Required action.
Nothing should appear in the answer except the lines from the one with "Did you ever" through the end of the listing below, transcribed exactly and without pictures.

======== Data supplied

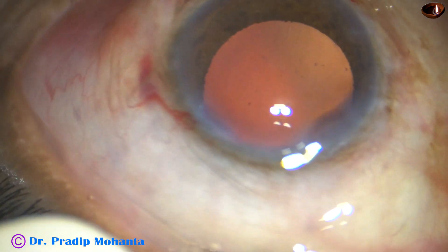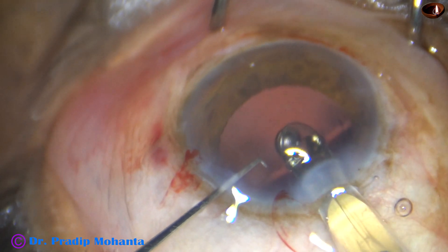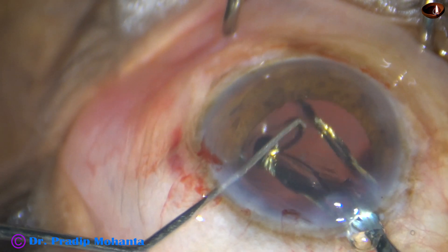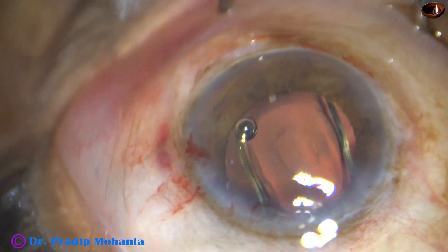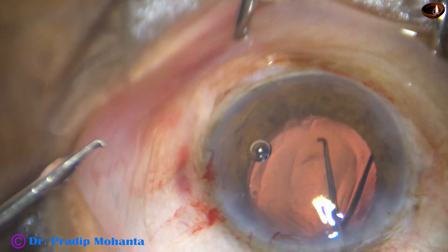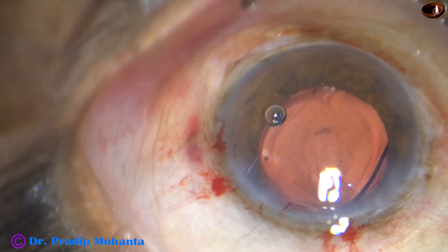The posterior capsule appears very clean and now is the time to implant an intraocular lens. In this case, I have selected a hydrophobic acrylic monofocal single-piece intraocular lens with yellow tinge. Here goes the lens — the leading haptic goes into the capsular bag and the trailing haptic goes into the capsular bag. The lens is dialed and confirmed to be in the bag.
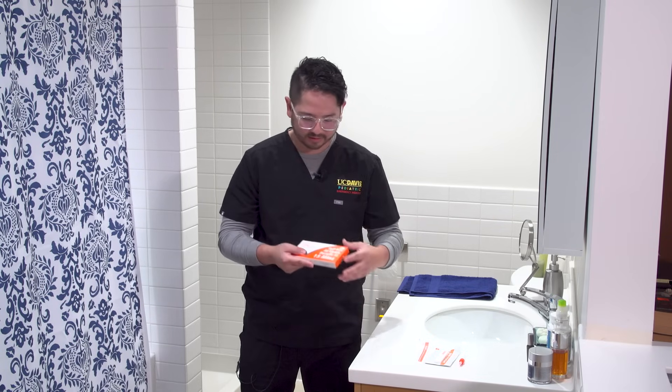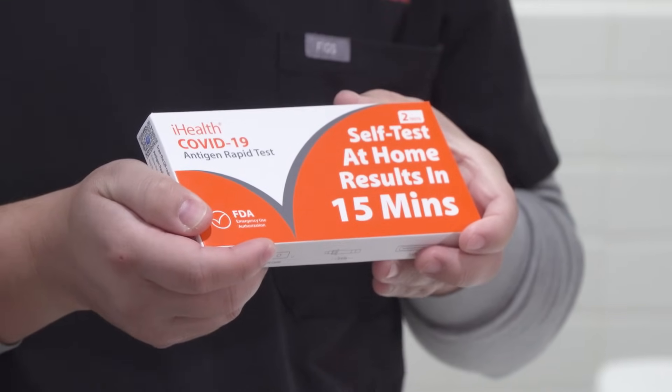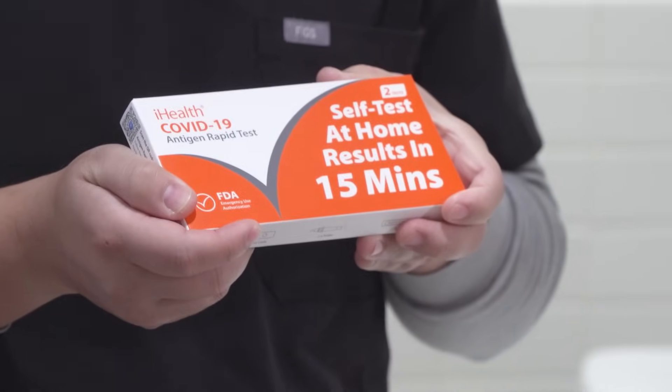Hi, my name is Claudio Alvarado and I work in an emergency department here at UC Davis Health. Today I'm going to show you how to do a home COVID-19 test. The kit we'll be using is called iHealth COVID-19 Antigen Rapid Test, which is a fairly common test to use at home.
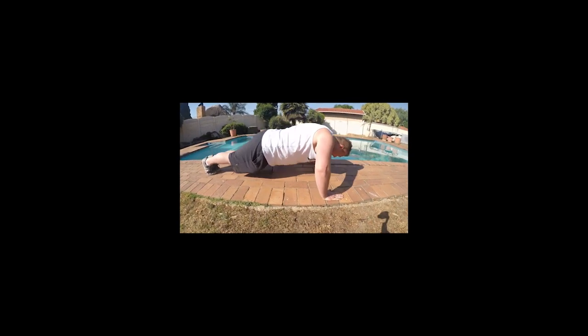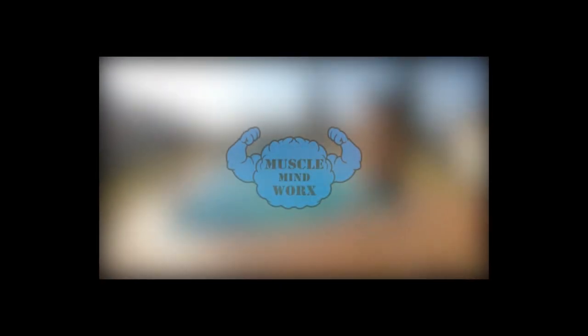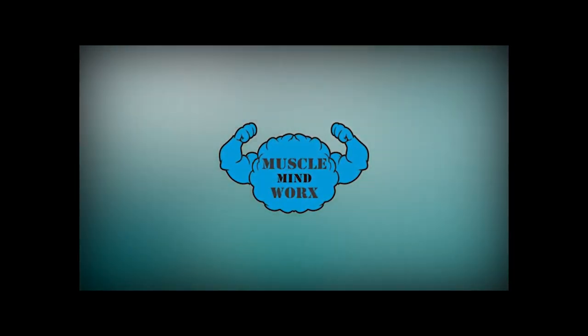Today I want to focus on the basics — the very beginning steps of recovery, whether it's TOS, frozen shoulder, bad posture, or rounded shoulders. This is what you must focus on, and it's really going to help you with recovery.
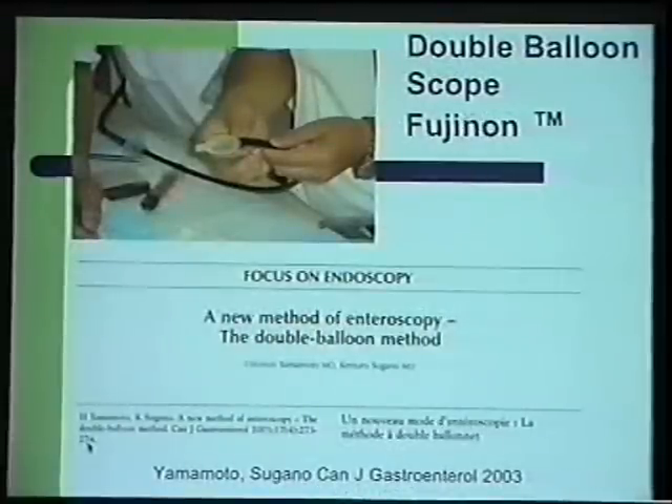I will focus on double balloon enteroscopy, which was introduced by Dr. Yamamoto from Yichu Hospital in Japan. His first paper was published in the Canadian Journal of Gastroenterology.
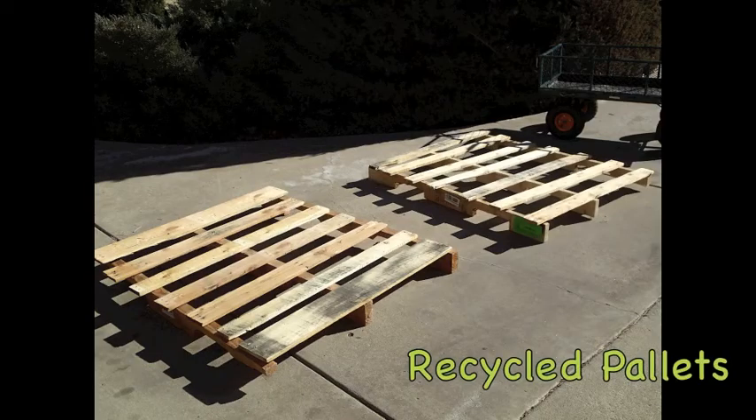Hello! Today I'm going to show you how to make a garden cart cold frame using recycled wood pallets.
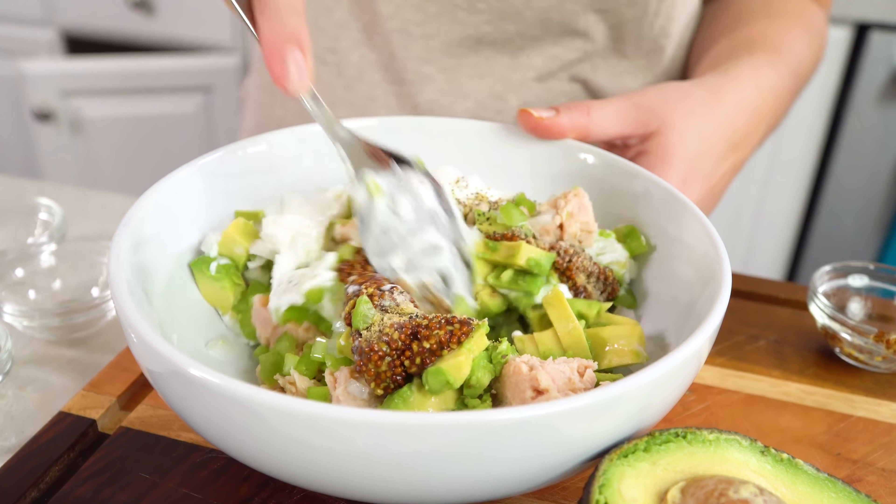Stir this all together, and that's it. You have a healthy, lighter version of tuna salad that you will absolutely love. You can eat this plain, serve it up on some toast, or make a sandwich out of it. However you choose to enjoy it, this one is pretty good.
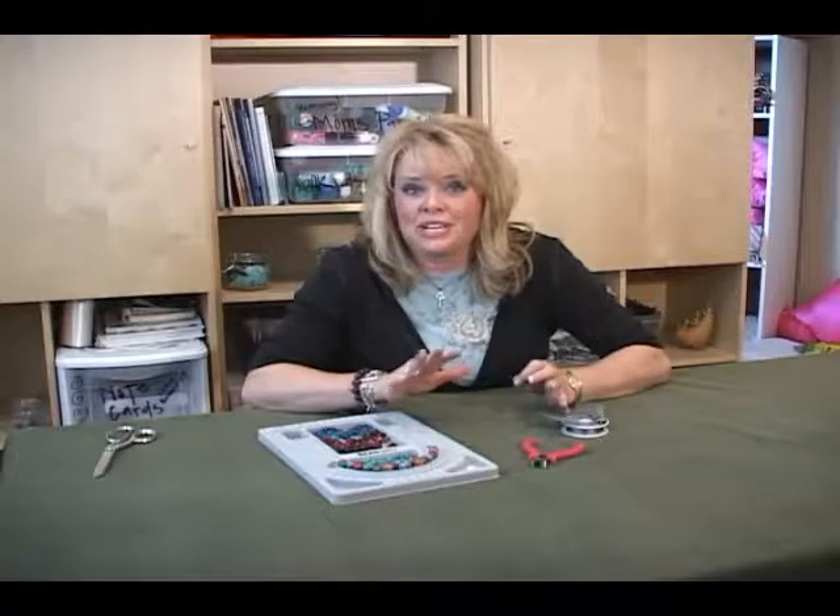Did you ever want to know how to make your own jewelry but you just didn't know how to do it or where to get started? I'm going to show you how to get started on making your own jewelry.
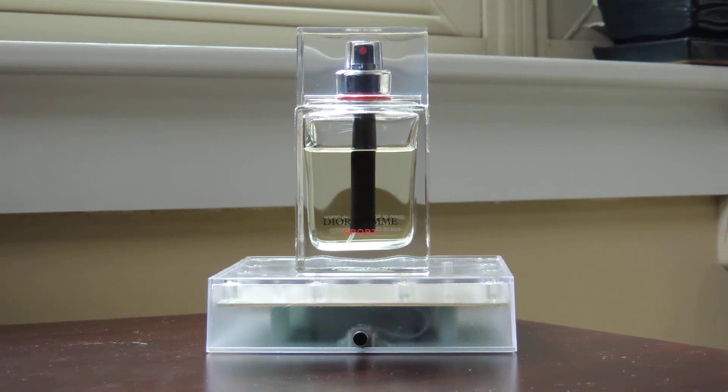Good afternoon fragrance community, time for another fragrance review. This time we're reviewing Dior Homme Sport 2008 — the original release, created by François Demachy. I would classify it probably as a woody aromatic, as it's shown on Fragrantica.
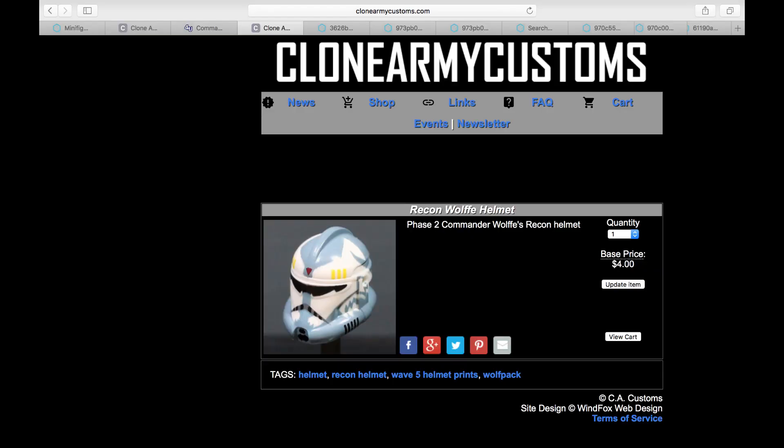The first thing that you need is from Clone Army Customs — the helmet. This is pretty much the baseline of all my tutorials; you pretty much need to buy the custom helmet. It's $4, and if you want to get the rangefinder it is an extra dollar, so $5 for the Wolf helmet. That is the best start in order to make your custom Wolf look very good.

================

Solution for this problem.
Did you ever want to know how to make your own jewelry but you just didn't know how to do it or where to get started? I'm going to show you how to get started on making your own jewelry.
Good afternoon fragrance community, time for another fragrance review. This time we're reviewing Dior Homme Sport 2008 — the original release, created by François Demachy. I would classify it probably as a woody aromatic, as it's shown on Fragrantica.
The first thing that you need is from Clone Army Customs — the helmet. This is pretty much the baseline of all my tutorials; you pretty much need to buy the custom helmet. It's $4, and if you want to get the rangefinder it is an extra dollar, so $5 for the Wolf helmet. That is the best start in order to make your custom Wolf look very good.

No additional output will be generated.